Return each record word for word, keeping none of its pictures.

========

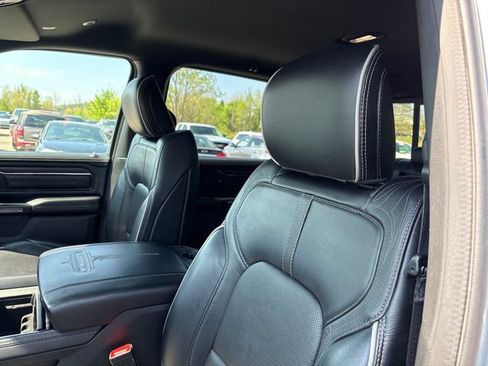 Used 2022 RAM 1500 Limited w/ Body-Colour Bumper Group AWD/4WD image 9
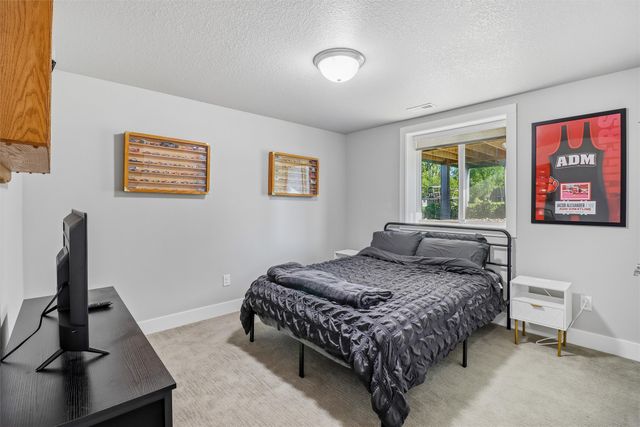 1060 Aaron Court, Adel, IA 50003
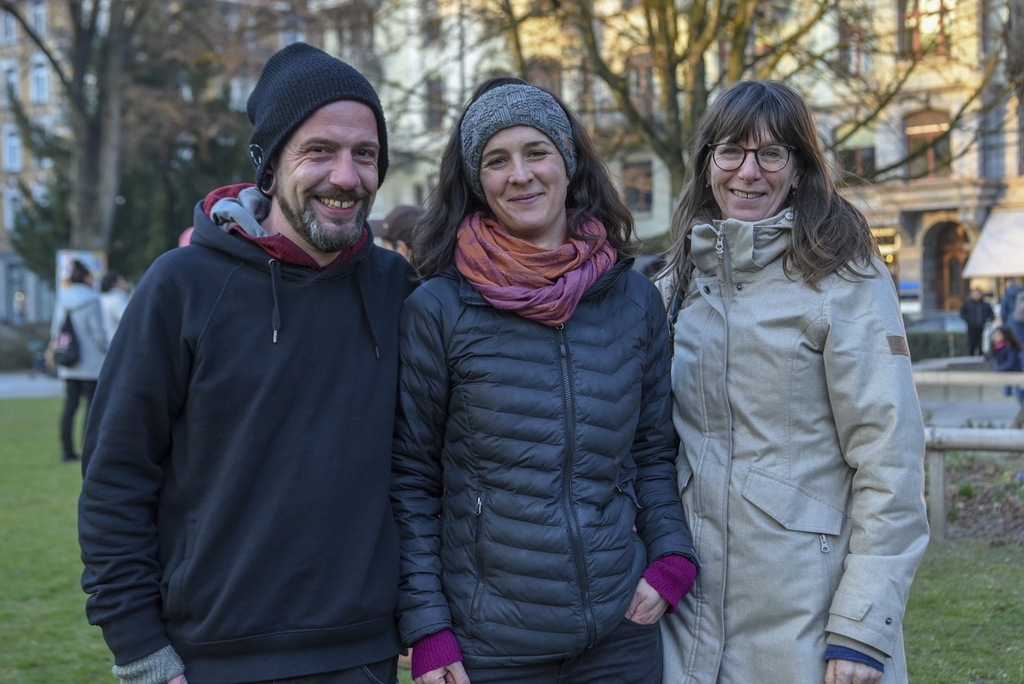 «Wir wollen ein Zeichen setzen für Frauenrechte und Gleichstellung. Wir sind auf dem Weg, aber noch nicht am Ziel angelangt», meinten (v. l.) Simon Merz, Lea Graber und Karin Ferraro. 
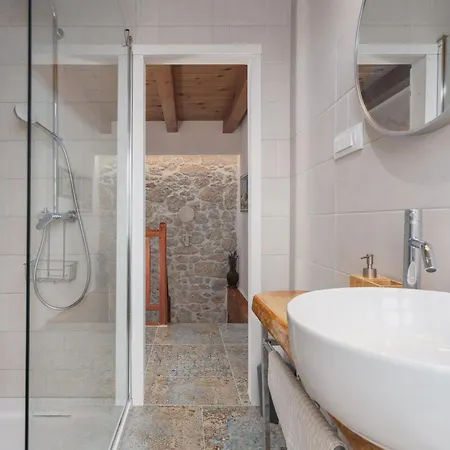 بيت للعطل Tonka Mit Grossem Garten, Whirlpool Und Pool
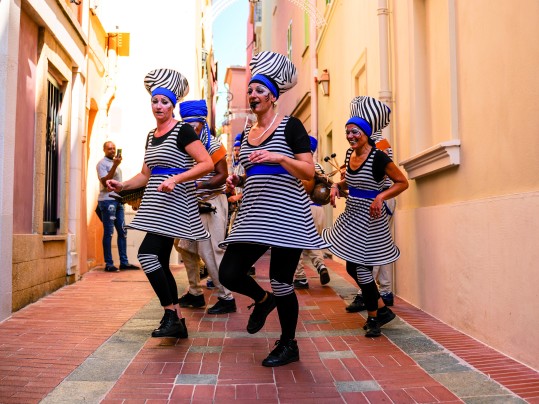 Le Carnaval estival : U SCIARATU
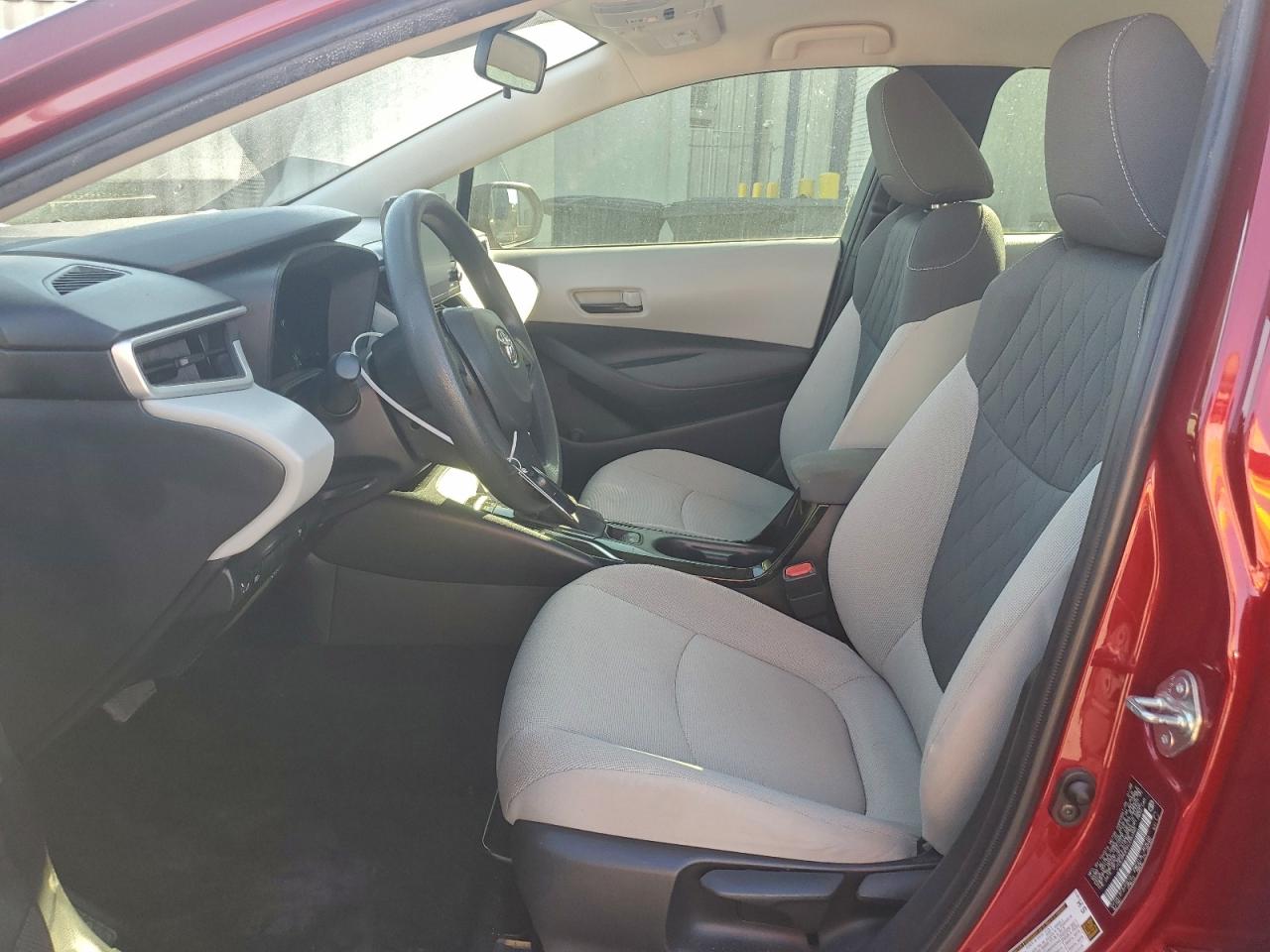 Toyota Corolla Le Image 10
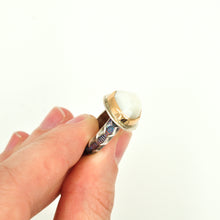 Load image into Gallery viewer, Two Tone Mother of Pearl Ring with Decorative Band - Size 6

========

SOLUTION TO THIS PROBLEM:
 Used 2022 RAM 1500 Limited w/ Body-Colour Bumper Group AWD/4WD image 9
 1060 Aaron Court, Adel, IA 50003
 «Wir wollen ein Zeichen setzen für Frauenrechte und Gleichstellung. Wir sind auf dem Weg, aber noch nicht am Ziel angelangt», meinten (v. l.) Simon Merz, Lea Graber und Karin Ferraro. 
 بيت للعطل Tonka Mit Grossem Garten, Whirlpool Und Pool
 Le Carnaval estival : U SCIARATU
 Toyota Corolla Le Image 10
 Load image into Gallery viewer, Two Tone Mother of Pearl Ring with Decorative Band - Size 6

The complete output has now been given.